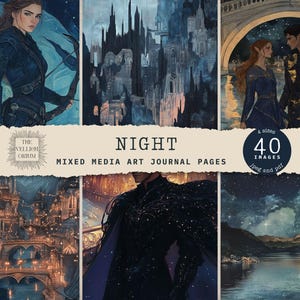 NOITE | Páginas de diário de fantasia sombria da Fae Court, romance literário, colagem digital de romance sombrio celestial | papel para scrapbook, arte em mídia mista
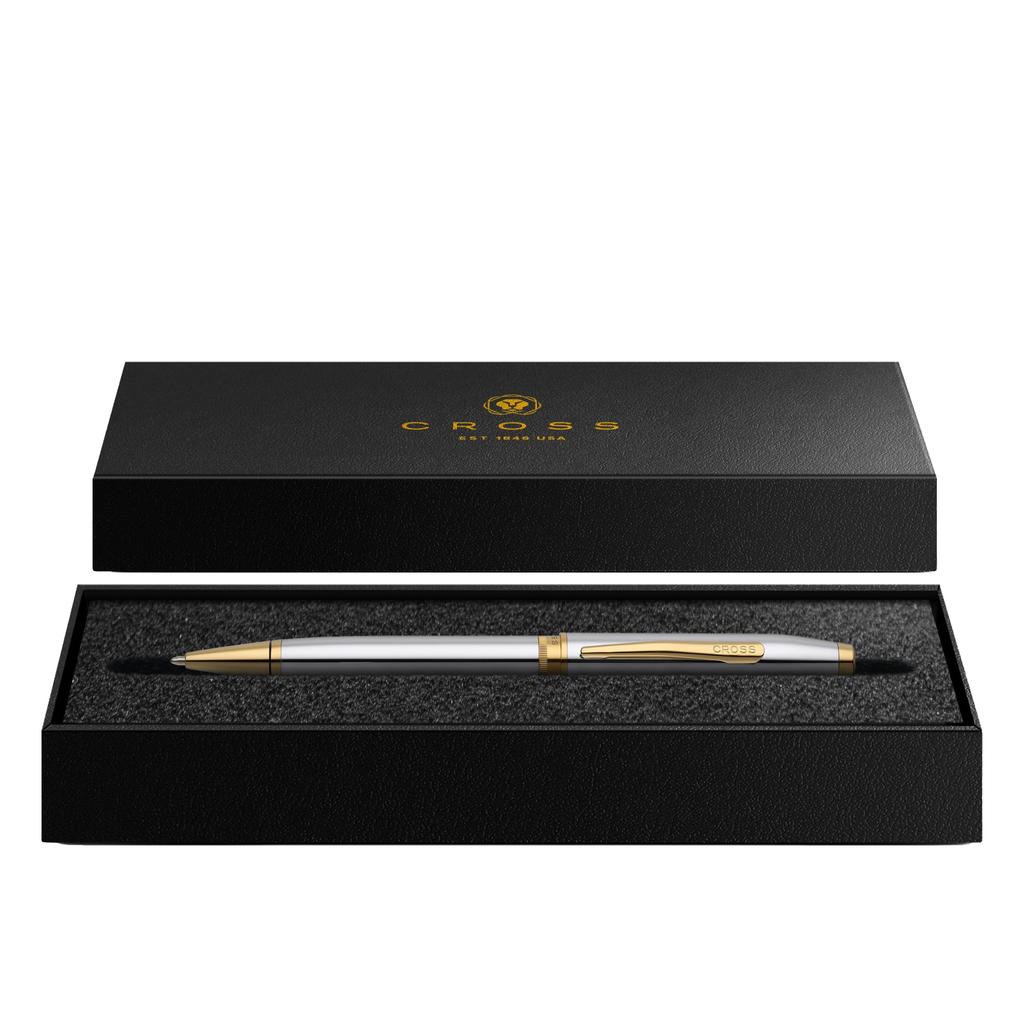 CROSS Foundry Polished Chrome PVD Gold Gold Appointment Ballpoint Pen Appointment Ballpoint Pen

...

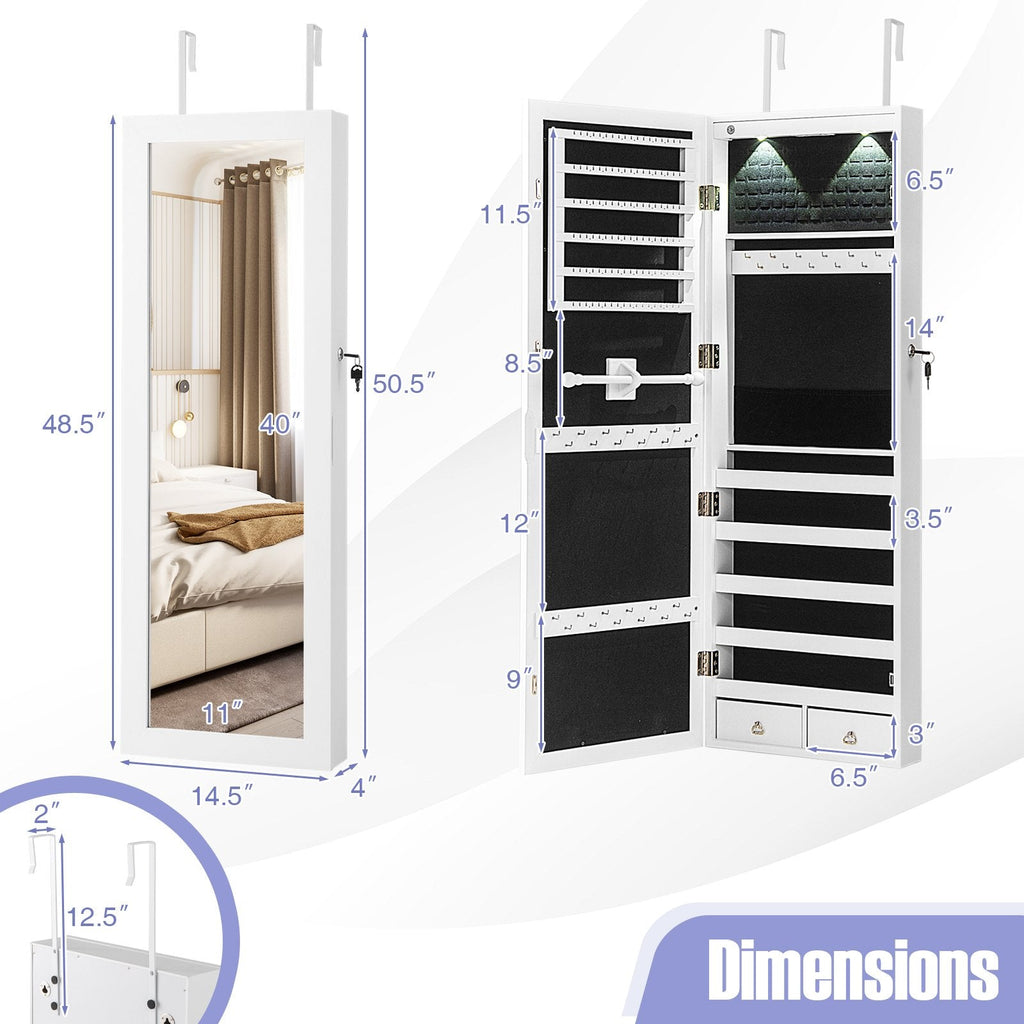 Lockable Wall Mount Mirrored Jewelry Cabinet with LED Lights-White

__INSTRUCTIONS TO FOLLOW__. In the data above, retype only the stretch from the line with "NOITE | Páginas" through the line with "CROSS Foundry Polished", word for word, and skip any pictures.

__SOLUTION BELOW__.
 NOITE | Páginas de diário de fantasia sombria da Fae Court, romance literário, colagem digital de romance sombrio celestial | papel para scrapbook, arte em mídia mista
 CROSS Foundry Polished Chrome PVD Gold Gold Appointment Ballpoint Pen Appointment Ballpoint Pen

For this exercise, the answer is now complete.